All of the data below must be reproduced word for word, but without its images.

▶ DATA SECTION:
▶

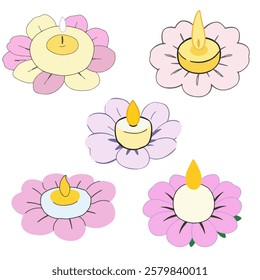 A soft, glowing candle embraced by gentle pastel petals.
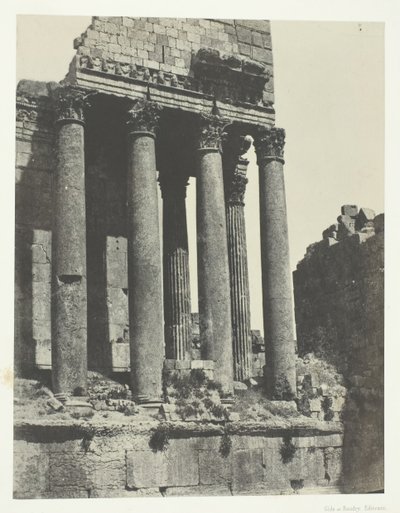 Baalbeck Heliopolis, Jupiters tempel, udsigt fra den sydøstlige vinkel, Syrien, 184951, trykt 1852. af Maxime Du Camp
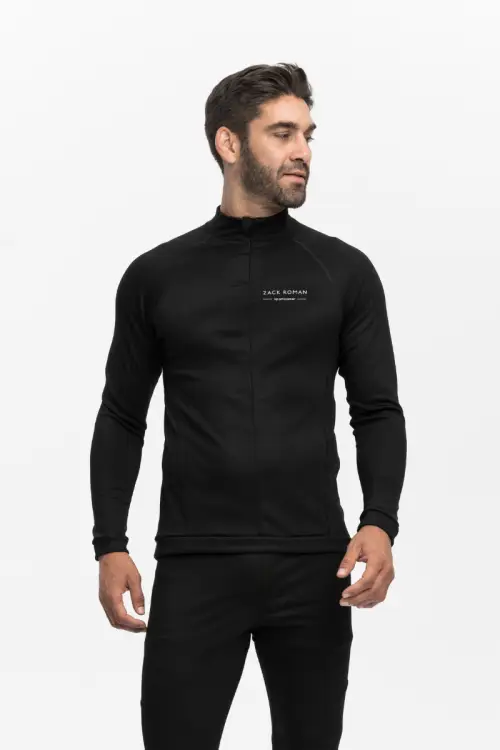 Longsleeve sportowy Expedition Extra Warm z wełny merino, czarny, 283 gr - na modelu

◀

▶ RESPONSE FOR THIS EXERCISE:
 A soft, glowing candle embraced by gentle pastel petals.
 Baalbeck Heliopolis, Jupiters tempel, udsigt fra den sydøstlige vinkel, Syrien, 184951, trykt 1852. af Maxime Du Camp
 Longsleeve sportowy Expedition Extra Warm z wełny merino, czarny, 283 gr - na modelu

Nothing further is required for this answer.